K. Sato

Bio: K. Sato is an academic researcher from La Trobe University. The author has contributed to research in topics: Multipath propagation & Polarization (waves). The author has an hindex of 8, co-authored 8 publications receiving 523 citations.

Polarization dependence of multipath propagation and high-speed transmission characteristics of indoor millimeter-wave channel at 60 GHz

Abstract: Measurements of polarization dependence of multipath-propagation characteristics were conducted at 60 GHz in a room within a modern office building. Delay profiles were measured using a swept frequency method with a high time-delay resolution of 2 ns. Directions of arrival of the multipath components reflected from walls were analyzed by rotating a narrow-beam receiving antenna with an angular resolution of 5 degrees. Results of this experiment showed that multipath delayed waves due to wall reflection can be effectively suppressed by employing circular polarization instead of linear polarization. Based on this experimental result, a computer simulation was made to clarify the polarization dependence of the high-speed transmission characteristics of an indoor communications system operating at 60 GHz. >

Measurements of reflection and transmission characteristics of interior structures of office building in the 60-GHz band

Abstract: We have measured (at 57.5 GHz) the reflection and transmission coefficients of typical walls, floor, ceiling, window, and partitions and have compared the measured reflection characteristics with the reflection characteristics estimated by multilayer dielectric models. Although the positional inhomogeneity of structures gives rise to some variation from one measured position to another, these positional variabilities are not large. The overall trend of reflection coefficients calculated by multilayer dielectric models thus agrees fairly well with the trend of the measurements. We have shown that the use of circular polarization can reduce the reflection even if the interior parts of the structure have complicated structures. In addition, the shadowing effects of several types of partitions were measured. The transmission coefficients of partitions depend on the materials. The transmission losses of plywood-made partitions are found to be fairly low.

Measurements of reflection characteristics and refractive indices of interior construction materials in millimeter-wave bands

Abstract: The reflection characteristics and refractive indices of construction materials in the millimeter wave bands are needed for development of millimeter-wave application systems such as indoor communication systems and short-range sensing systems.
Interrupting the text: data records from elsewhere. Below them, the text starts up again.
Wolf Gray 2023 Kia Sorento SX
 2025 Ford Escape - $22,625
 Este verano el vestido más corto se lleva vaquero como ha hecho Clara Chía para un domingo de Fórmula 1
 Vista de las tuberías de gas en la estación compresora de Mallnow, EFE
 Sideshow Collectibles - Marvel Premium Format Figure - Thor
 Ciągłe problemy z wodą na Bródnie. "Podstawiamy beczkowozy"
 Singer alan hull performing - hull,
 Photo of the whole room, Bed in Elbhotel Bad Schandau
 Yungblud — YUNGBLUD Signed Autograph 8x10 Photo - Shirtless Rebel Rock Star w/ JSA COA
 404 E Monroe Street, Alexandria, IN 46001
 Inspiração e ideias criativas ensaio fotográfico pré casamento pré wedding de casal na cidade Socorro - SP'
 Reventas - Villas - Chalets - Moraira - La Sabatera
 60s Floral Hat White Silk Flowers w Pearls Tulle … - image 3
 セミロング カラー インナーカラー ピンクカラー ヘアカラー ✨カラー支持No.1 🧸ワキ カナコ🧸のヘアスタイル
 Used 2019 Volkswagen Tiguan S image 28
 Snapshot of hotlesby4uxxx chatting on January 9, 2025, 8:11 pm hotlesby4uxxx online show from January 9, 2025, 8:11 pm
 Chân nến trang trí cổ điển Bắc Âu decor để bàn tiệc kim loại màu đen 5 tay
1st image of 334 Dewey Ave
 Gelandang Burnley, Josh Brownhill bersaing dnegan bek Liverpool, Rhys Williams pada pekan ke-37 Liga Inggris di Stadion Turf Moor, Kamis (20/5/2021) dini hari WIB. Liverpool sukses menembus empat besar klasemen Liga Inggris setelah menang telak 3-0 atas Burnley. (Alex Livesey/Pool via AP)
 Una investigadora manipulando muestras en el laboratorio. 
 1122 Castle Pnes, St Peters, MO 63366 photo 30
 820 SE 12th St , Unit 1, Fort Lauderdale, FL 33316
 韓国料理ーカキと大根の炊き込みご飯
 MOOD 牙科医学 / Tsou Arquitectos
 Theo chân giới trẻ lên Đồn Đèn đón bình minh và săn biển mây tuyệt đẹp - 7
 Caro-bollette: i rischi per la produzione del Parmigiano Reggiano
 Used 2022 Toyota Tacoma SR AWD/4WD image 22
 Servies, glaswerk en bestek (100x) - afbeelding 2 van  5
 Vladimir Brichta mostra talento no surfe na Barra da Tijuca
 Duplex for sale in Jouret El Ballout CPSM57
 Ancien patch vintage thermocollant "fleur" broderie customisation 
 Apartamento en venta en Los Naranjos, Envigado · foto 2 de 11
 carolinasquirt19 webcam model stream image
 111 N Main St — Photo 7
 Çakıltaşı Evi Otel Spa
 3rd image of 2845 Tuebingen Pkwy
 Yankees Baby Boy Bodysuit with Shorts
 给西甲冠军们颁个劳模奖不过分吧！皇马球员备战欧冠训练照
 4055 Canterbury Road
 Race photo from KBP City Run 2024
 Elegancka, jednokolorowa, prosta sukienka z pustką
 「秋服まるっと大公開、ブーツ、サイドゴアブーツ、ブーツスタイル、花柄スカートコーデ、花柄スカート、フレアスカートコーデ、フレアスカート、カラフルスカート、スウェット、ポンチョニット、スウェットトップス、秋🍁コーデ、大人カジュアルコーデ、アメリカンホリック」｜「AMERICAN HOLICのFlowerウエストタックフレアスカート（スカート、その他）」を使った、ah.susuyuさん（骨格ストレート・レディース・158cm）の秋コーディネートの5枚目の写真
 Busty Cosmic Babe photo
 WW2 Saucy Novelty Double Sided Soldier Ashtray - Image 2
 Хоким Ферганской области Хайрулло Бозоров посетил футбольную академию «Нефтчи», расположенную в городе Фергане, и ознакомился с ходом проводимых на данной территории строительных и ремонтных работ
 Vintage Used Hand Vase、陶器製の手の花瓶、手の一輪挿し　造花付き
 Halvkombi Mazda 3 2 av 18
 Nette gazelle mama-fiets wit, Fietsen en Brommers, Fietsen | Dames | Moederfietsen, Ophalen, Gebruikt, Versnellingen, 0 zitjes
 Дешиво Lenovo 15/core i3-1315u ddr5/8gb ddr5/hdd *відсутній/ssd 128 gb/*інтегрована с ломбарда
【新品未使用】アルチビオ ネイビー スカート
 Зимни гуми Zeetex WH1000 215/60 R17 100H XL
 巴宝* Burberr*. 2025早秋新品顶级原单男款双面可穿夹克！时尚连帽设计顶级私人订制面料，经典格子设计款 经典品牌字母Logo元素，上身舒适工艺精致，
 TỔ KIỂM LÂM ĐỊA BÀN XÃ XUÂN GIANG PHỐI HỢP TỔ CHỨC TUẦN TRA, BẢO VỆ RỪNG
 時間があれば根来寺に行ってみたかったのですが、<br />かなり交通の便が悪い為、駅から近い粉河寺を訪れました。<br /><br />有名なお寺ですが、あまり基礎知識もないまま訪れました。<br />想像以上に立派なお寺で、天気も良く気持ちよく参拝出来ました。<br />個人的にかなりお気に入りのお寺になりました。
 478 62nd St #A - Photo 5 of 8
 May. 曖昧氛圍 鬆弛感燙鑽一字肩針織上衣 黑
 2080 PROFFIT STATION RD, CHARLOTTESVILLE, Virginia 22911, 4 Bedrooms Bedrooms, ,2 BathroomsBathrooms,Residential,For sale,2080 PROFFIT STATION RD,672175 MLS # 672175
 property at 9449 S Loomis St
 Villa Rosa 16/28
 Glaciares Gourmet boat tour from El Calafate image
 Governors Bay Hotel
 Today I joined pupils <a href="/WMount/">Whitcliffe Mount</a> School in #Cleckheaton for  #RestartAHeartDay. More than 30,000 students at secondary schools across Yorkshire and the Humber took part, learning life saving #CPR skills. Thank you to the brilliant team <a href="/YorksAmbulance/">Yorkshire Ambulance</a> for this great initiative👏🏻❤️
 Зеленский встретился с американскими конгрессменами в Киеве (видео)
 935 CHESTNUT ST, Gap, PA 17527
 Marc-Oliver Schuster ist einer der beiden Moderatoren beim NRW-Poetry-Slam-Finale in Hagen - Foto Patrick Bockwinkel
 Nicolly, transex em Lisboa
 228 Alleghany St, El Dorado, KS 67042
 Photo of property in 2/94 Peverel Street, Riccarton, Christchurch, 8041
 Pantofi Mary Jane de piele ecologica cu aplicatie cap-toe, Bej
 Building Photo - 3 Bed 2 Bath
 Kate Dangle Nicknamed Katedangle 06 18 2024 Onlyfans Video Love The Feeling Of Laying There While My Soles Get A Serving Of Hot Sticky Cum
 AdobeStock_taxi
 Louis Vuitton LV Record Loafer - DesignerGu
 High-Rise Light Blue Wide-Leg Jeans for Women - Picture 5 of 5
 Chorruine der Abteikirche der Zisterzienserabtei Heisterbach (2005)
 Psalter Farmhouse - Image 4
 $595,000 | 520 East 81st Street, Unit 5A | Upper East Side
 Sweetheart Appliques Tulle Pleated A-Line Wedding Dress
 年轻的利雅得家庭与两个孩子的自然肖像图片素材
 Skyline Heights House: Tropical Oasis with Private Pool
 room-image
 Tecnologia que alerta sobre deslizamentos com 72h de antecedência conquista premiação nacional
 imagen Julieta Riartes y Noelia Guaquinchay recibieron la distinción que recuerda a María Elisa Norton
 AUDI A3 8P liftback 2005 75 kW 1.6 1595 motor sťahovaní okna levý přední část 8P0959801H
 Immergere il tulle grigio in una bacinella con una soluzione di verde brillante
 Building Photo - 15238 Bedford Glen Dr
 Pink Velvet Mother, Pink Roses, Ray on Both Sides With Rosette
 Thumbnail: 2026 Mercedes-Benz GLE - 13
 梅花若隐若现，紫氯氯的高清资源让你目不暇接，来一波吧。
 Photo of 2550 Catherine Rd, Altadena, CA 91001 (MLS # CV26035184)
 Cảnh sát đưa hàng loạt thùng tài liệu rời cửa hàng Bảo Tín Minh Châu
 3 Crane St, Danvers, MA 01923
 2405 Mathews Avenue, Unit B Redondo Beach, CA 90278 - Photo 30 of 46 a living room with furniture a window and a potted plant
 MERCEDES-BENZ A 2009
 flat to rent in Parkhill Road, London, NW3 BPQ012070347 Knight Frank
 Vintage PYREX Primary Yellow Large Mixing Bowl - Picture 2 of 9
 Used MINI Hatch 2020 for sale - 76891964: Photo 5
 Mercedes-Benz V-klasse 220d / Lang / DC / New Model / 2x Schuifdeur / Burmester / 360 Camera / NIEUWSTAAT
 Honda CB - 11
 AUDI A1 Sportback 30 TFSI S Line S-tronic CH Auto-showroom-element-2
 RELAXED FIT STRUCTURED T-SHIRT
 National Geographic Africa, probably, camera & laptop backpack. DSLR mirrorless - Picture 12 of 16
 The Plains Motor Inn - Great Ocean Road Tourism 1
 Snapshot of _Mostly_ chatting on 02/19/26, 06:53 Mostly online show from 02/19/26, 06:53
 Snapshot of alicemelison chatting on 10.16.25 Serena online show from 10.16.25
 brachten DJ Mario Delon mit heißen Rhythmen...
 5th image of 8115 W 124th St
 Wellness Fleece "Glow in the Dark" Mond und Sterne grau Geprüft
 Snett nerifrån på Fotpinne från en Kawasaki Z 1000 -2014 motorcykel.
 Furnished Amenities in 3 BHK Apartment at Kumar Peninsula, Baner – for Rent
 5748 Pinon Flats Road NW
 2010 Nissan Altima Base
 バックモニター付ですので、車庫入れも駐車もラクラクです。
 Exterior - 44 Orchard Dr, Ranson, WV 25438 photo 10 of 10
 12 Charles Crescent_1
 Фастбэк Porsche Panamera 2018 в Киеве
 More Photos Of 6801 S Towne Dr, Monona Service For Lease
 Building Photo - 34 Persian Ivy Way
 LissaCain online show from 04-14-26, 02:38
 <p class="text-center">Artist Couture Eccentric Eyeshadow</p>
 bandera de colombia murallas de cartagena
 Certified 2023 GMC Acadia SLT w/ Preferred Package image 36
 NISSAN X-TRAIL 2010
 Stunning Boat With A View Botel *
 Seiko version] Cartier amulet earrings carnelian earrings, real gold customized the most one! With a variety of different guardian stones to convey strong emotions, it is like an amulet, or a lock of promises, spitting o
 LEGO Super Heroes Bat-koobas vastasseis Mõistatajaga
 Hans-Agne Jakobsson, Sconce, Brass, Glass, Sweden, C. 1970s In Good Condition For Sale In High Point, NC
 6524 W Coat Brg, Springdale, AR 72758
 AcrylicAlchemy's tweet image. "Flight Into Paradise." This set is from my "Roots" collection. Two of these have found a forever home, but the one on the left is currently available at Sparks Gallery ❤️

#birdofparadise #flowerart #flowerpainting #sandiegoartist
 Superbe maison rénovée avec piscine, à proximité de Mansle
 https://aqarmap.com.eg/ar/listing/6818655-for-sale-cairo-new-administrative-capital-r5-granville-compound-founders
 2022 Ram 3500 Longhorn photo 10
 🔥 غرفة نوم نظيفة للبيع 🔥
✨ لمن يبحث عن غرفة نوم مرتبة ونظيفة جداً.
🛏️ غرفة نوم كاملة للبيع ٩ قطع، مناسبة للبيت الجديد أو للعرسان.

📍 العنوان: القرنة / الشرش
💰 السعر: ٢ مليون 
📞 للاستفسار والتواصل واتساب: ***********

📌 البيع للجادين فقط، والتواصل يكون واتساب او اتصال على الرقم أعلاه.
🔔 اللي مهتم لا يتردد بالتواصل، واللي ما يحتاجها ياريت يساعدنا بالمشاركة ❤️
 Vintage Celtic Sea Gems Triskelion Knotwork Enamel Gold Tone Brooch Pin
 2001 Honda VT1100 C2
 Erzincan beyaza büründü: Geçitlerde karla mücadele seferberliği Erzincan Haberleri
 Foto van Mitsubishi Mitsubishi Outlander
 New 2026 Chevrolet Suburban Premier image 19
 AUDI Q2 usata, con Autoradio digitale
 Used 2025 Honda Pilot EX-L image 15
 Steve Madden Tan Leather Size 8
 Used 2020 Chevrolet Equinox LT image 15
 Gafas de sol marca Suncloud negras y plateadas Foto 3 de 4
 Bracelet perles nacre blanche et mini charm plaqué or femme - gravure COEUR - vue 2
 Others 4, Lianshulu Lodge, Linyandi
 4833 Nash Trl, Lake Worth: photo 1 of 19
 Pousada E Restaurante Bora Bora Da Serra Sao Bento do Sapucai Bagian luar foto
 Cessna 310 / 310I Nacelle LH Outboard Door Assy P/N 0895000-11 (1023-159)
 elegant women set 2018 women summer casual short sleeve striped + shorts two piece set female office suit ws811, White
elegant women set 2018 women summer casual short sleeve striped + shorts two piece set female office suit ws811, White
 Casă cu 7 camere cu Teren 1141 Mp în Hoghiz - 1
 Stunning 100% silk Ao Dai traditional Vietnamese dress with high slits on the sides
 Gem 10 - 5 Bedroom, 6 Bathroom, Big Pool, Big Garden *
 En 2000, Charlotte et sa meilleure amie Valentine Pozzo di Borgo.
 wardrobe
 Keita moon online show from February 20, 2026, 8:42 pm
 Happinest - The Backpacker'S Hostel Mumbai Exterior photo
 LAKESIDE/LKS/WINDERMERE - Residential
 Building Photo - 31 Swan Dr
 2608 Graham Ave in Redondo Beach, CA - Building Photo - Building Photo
Because so little experimental data of construction materials at millimeter-wave bands has been available, the authors have measured the reflection and transmission coefficients of a concrete plate, plasterboard, rock wool, a floorboard, a carpet tile, at 57.5, 78.5, and 95.9 GHz. The refractive indices of the materials that can be modeled as a homogeneous dielectric plate with a smooth surface were estimated by the combined use of reflection and transmission data. The refractive indices of a concrete plate, plasterboard, a floorboard, and rock wool at 57.5 GHz were found to be 2.55-j0.084, 1.50-j0.01, 1.98-j0.083, and 1.26-j0.005, respectively. These indices showed little frequency dependence in the measured frequency range, except for that of the floorboard, which varied about 10%. The authors also measured the reflection characteristics of materials with inhomogeneous structures or rough surfaces, and found that the specular reflection from a concrete plate and a floorboard can be reduced significantly by covering them with carpet tiles with rough surfaces.

Measurement of the complex refractive index of concrete at 57.5 GHz

Abstract: The complex refractive index of concrete is measured at 57.5 GHz by the combined use of free-space reflection and transmission methods. The measured refractive index of the concrete 14 months after concreting was 2.55-j0.084. This index, in particular the imaginary part, is sensitive to the curing time after concreting and the water content. The transmission coefficient of a concrete plate, mainly determined from the imaginary part of the complex refractive index, is less than -20 dB/cm when the concrete is fresh and moist and reaches -9 dB/cm after aging for fourteen months. In contrast, the reflection coefficient of a concrete plate is less dependent on water content.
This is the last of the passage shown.